··· Records provided

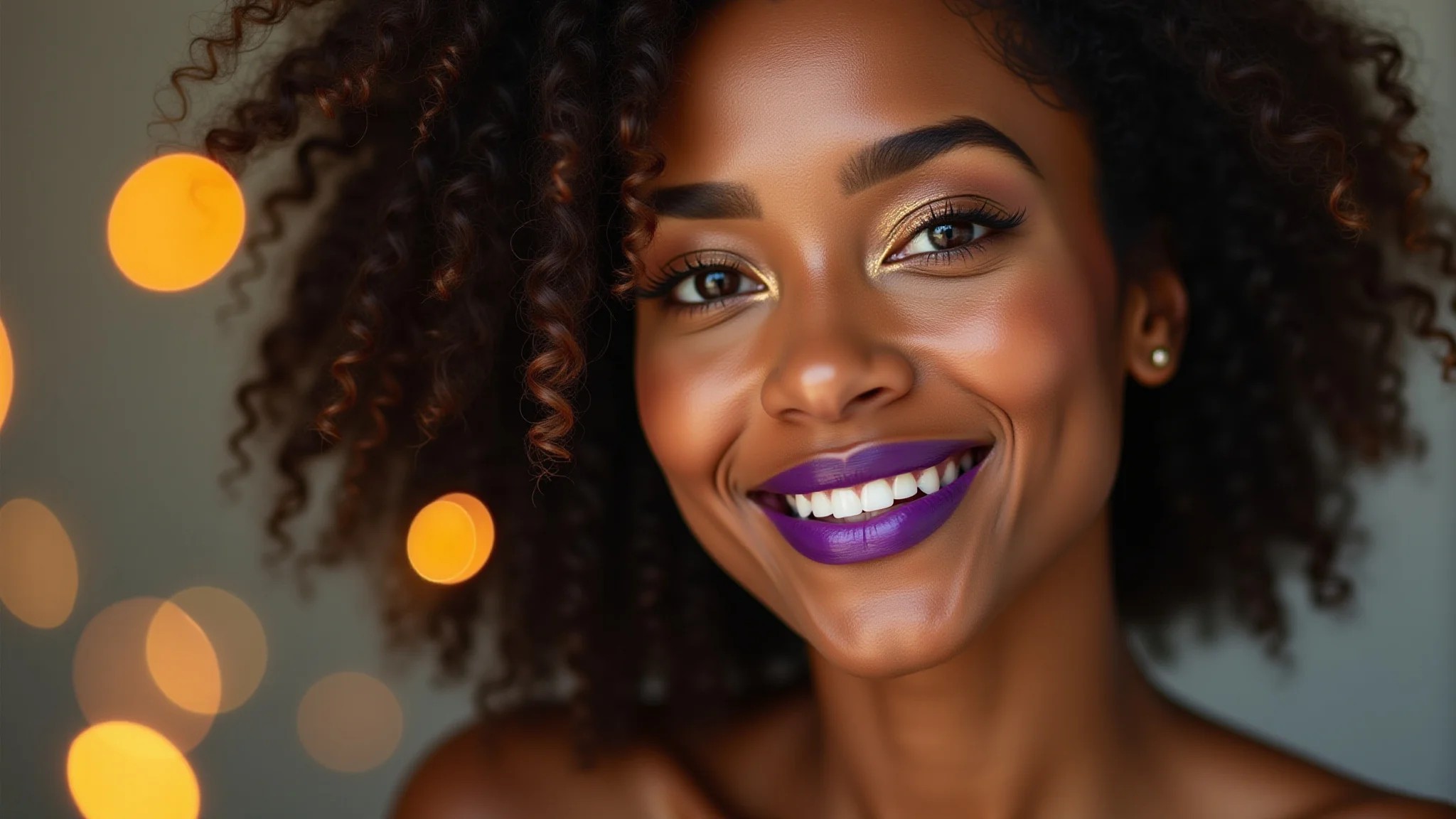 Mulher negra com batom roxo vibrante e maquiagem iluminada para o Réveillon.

······
··· Records provided

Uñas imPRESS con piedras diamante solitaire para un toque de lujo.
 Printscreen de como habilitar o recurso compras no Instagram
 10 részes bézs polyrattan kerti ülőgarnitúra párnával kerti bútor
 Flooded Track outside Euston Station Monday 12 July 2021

······

● **Task description**: Output, from the data above, the lines from the line with "Printscreen de como" to the line with "Flooded Track outside" exactly as they stand, both ends included and nothing else.

● **Task solution**:
 Printscreen de como habilitar o recurso compras no Instagram
 10 részes bézs polyrattan kerti ülőgarnitúra párnával kerti bútor
 Flooded Track outside Euston Station Monday 12 July 2021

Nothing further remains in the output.